She was gone, leaving behind a bill, in my name, for over a thousand dollars' worth of treatments.

My feelings toward Mr. Tedder, Officer Karalekis of the West L.A. fuzz, and the nameless Sacramento Sheriff who had not only spoken to me, but had confronted Valerie and gotten an admission of guilt ... were not particularly warm. Kindly note: I have just made an understatement.

Things progressed from miserable to ghastly. The Superior Ambulance Service in Sacramento, despite several long letters explaining what had happened, and backing it up with Xerox documentation of the fraud, continued to dun me for the forty-three bucks Valerie's passage from the Holiday Inn to the hospital had incurred. They finally turned it over to the Capital Credit and Adjustment Bureau. My attorney, the Demon Barrister Barry Bernstein, sent them a harsh note, and they finally cleared the books of my name. But the time spent, the aggravation when the nasty little pink notes came in the mail... And the hospital bill. It kept getting run through the computer and kept bouncing back to me. Finally, I called the head of the business office at the hospital and laid it all out (again) in detail. As of this writing, that goodie is struck.

And Valerie was gone.

In speaking to Tedder at BankAmericard, I discovered, to the horror of my sense of universal balance, that Bank of America really didn't care about bringing her and Mr. Lopes to book. They apparently don't expend any effort on cases under five hundred dollars. BofA can sustain innumerable ripoffs at that level without feeling it. (This I offer as incidental intelligence on two counts: first, to permit those of you who are planning scams against BofA to understand better the limits of revenge of that peculiar institution, a limit that scares me when I think of how much they must gross to permit such a cavalier attitude; and second, to slap BofA's pinkies for their corporate posture on such matters; at once similar to that of the great insurance conglomerates that permit ripoffs, thereby upping premiums; a posture that encourages dishonesty and chicanery. A posture that has aided in the decay of our national character. It occurs to me, when I say things like that--though I genuinely believe them--that they sound hideously messianic, and I blush. So ignore it, if you choose.)

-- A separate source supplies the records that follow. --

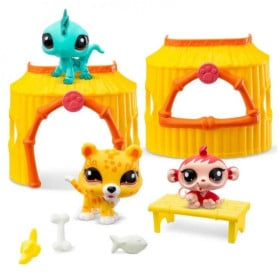 Tiki Set Jungla Mascotas Little Pet Shop 2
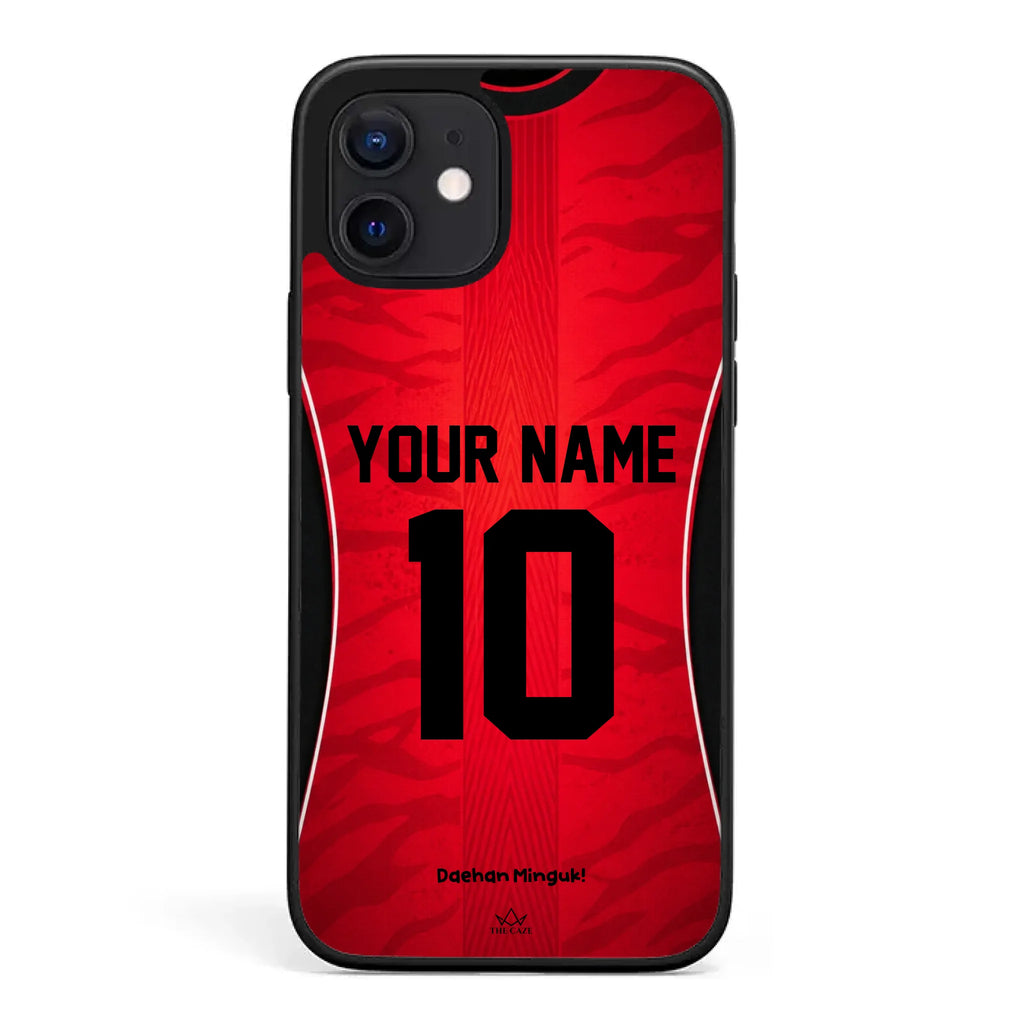 South Korea football Jersey iPhone Case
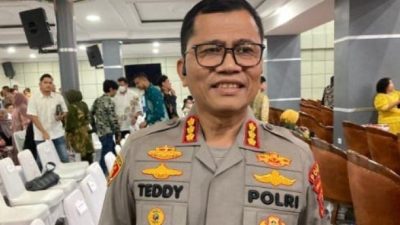 Kapolrestabes Medan, Kombes Teddy Jhon Sahala Marbun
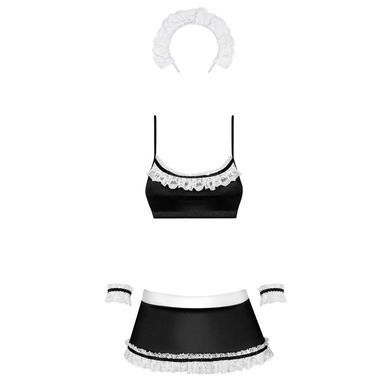 Сексуальный костюм горничной Obsessive Maid S/M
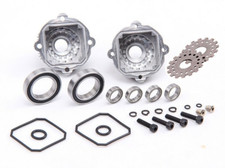 Kit carter differenziale in alluminio per 1/5 HPI RV KM BAJA 5B 5T 5SC SS Buggy parte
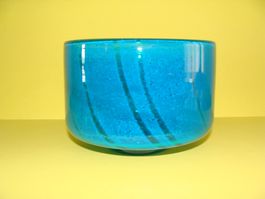 MDINA GLASSCHALE von Michael Harris um 1960/70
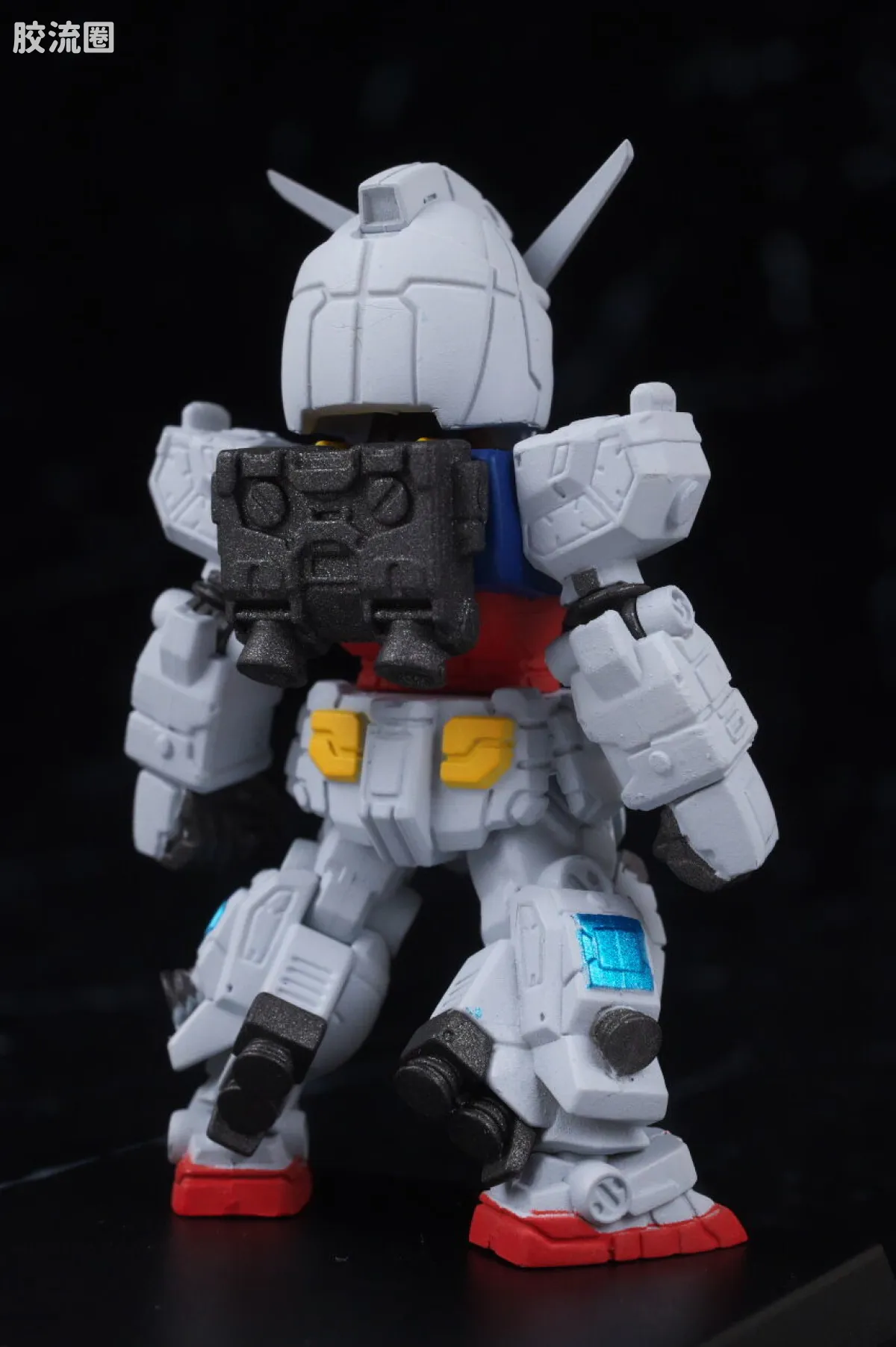 新FW系列食玩 GUNDAM CONVERGE 限定&特别版 RX-78F00/E 高达 - 图片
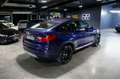 BMW X4 (F26) XDRIVE 35D 313CH XLINE CAMERA / CUIR NOIR / KEYLESS GO / 35DA Bleu - thumbnail 7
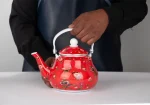 ⁦براد غضار احمر بنقشة الشالكي⁩ - الصورة ⁦2⁩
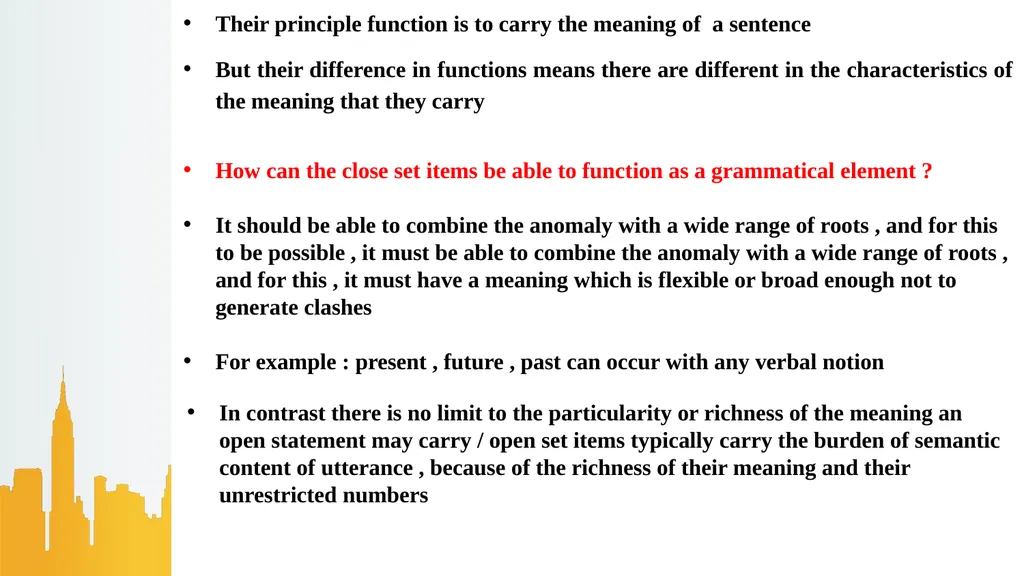 Words and their meanings Presented By Sanar - slide 8 of 26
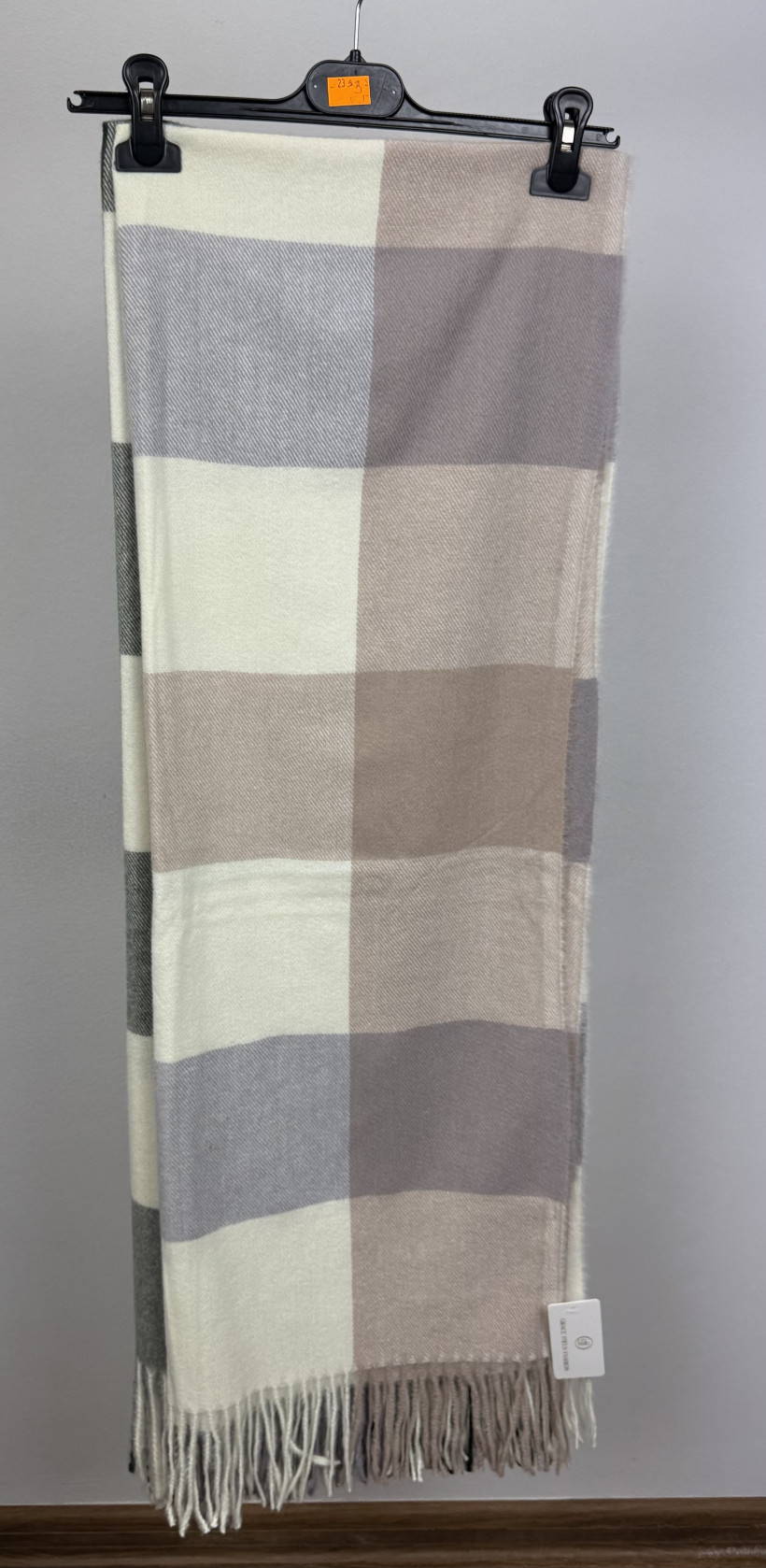 Szal z frędzlami kostka - gff - 023028 - 3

Valerie was gone, as I said. When I called her mother, to inform her of the current status, she sounded very upset and offered to give Jim back his hundred dollars. I thought that was a helluva nice gesture. Yet when the check arrived, it was only for fifty. Poor Jim. I would have made good the other fifty, on the grounds that he'd laid the money on her because he thought we were a scene, but it never came to that.

Two or three months later, Valerie called again.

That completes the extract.